Today’s workforce is to be commended on their efforts for continually educating the growing population of desk workers on how to improve the ergonomics of their working environment. However, there are still many who suffer from musculoskeletal dysfunction (MSD) due to poor workspace ergonomics. As a practitioner some of the most common complaints we hear from desk workers are headaches, chronic neck pain and low back pain (LBP), which they tell us is due to, and worsened by being seated at their desk for prolonged periods.
Office work is subject to keyboarding whilst looking at visual display units often in a seated posture, thus if their work station is incorrectly setup this will perpetuate MSD. Although physical therapy can aid the patient with these work associated dysfunctions, corrective exercises and ergonomic adjustments are just as, if not more a vital part of a patients treatment plan (Krechman, 2015). The aim of this article is to create awareness that correct workspace ergonomics, postural exercises, and behavioural cues integrated into software can significantly reduce MSD.
Primary headaches are head pains referred to the head from bony or soft tissue structures of the neck, with their cause being eighty percent of the time unknown (Spriggs, 2014). Prolonged idle sitting can be a risk factor in the development of cervical MSD and headaches. Numerous studies have investigated the effects of stretching and how it can improve headaches. J. Ylinen et.al. conducted a study aiming to determine if exercise therapy relieved headache associated with neck pain. This investigation proved that isometric and dynamic stretching exercises decreased headaches, however stretching was less effective alone, than when combined with muscle endurance and strength training (J, et al., 2010).
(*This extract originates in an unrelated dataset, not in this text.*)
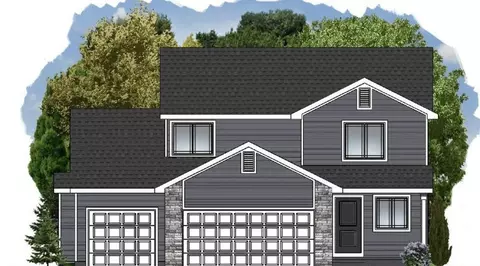 White Oak Ln, Granger, IA 50109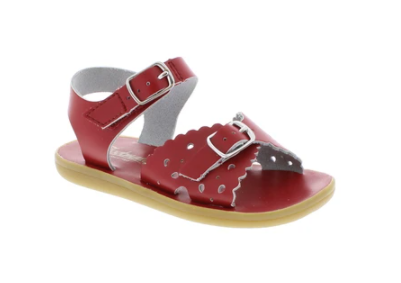 Ariel Apple Red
A study conducted by D. Falla et.al. demonstrated that people with chronic neck pain had a reduced ability to maintain an upright neutral posture when asked to perform a computer task for only ten minutes (D, et al., 2007). Given there were postural deviations executed after few ten minute tasks, it can be anticipated that after an average working day of eight hours, these postural deviations would be remarkably worse. D. Falla et.al also concluded that corrective exercises such as deep neck flexor strengthening movements that targeted longus colli and longus capitus, as well as endurance strength training, aided the subject in maintaining an ideal cervical posture whilst seated (D, et al., 2007).
Low back pain can decrease one’s ability to maintain an upright posture, which enhances spinal deviations, thus increasing the symptoms of MSD (Krechman, 2015). A chair has a direct impact on body alignment, therefore changing the chair is the most realistic action, as altering the work surface may be limited by physical space constraints. Therefore, modifying the chair would be the first step taken to ascertain whether the design of the workstation is associated with the musculoskeletal symptoms (S, et al., 2012). A study done by S. Niekerk et.al. showed there was a trend supporting alteration of a chair to reduce MSD among workers who are required to sit for prolonged periods.
The study states that a chair which is adjustable in its height, backrest and armrests can reduce the resting muscle tension of the neck, shoulders and back and also decreases the inter-vertebral disc pressure (S, et al., 2012). Furthermore, the study suggests that curved pan seating may reduce upper body pain, whilst flat pan seating may reduce lower body pain.